11. Cuanta será la alegría de un alma, cuando sea recibida por Jesucristo a la hora
de la muerte con aquellas dulces palabras: «Siervo bueno y leal, ya que has sido fiel
en lo poco, yo te confiaré lo mucho, ven a tomar parte en el gozo de tu
Señor» (Matth. XXV, 21). Tan grande será la pena y desesperación del alma
condenada que se vea desechada por el Juez con aquellas palabras. «Apartaos de
mi, malditos, id al fuego eterno» (Ibid. 41). ¡Oh, que acento tan terrible será para
ella una sentencia semejante! Pero hagamos oyentes míos, unas reflexiones sobre
nuestra conducta antes de terminar esta plática. Dice Santo Tomás de Villanueva
(Conc. 1, de Jud.) que muchos oyen hablar del juicio y de la condenación de los
réprobos; pero hacen tan poco caso de ello, como si estuviesen seguros que no les
ha de caber esta suerte, o como si el día del juicio no hubiese de llegar para ellos. Y
añade: Pero ¡que locura es tener seguridad en una cosa tan peligrosa! Algunos
aunque vivan en pecado, dice San Agustín, no pueden ni siquiera imaginarse que
Dios quiera enviarlos al Infierno, y dicen: ¿Será cierto que Dios nos ha de
condenar? No hijos, dice el Santo, no digáis eso: reflexionad que muchos
condenados no creían que habían de ser enviados al Infierno, pero murieron en
pecado, y fueron arrojados a él, según la amenaza de Ezequiel: «El fin llega, ya llega
el fin… y yo derramaré sobre ti mi furor, y te juzgaré». (Ezech. VII, 2 et 3). Pecador
que me escuchas, ¿quién sabe si el castigo está ya próximo, y tu te burlas en el
pecado? ¿Quién no temblará oyendo aquellas palabras del Bautista? «Ya la segur
está aplicada a la raíz del árbol; todo árbol que no produce buen fruto, será cortado,
y echado al fuego». (Matth. III, 10) ¿Cuál es este árbol que no da buen fruto, sino el
pecador que no sigue la recta senda que Jesucristo le trazó? Sigamos, oyentes míos,
el consejo del Espíritu Santo, que dice: «Antes del juicio asegúrate de tu justicia».

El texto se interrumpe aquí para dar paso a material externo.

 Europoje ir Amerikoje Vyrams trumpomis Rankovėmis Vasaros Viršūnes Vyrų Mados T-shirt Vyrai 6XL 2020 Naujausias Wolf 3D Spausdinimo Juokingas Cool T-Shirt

(Eccl. XVIII, 19) Esto es, antes de presentarnos ante el juez, ajustemos las cuentas.
Busquemos a Dios ahora que podemos hallarle, porque vendrá tiempo en que
querremos, y no podremos. «Me buscaréis, y no me hallaréis» (Joann. VII, 36);
porque entonces ya habrá expirado el plazo que Dios nos ha concedido para hacer
penitencia y asegurar nuestra salvación. Por eso dice San Agustín: que «al juez que
ha de juzgarnos de ha de aplacar antes del juicio, pero no en el juicio». Ahora,
ahora, oyentes míos, podemos aplacar a Jesucristo, enmendando nuestra vida,
abandonando la senda de los vicios y recobrando la gracia divina que perdimos por
la culpa; cuando empero nos presentemos al Juez, si nos encuentra en pecado, por
lo mismo que es justo, se verá precisado a hacer justicia, y no habrá remedio alguno
para nosotros. ¿De qué os servirá entonces haber nacido en el seno del
cristianismo? ¿De que los sacramentos instituidos por Jesucristo para vuestra
salvación? ¿De que la sangre de Cristo derramada en el árbol sacrosanto de la cruz.
De hacer más intolerables las penas del Infierno, pensando que pudisteis salvaros
tan fácilmente, y os condenasteis por vuestra culpa.

Despertad, pues, de este letargo criminal en que os tiene adormecidos el demonio:


volveos a Jesucristo, a quien habéis abandonado por seguir a Lucifer; y os recibirá
de nuevo en su amistad, y os abrazará amoroso, como abrazó su padre al Hijo
pródigo del Evangelio, que volvió a la casa paterna cuando se vió perdido y sin
recurso en el mundo, oprimido del hambre, y del gusano roedor de la conciencia.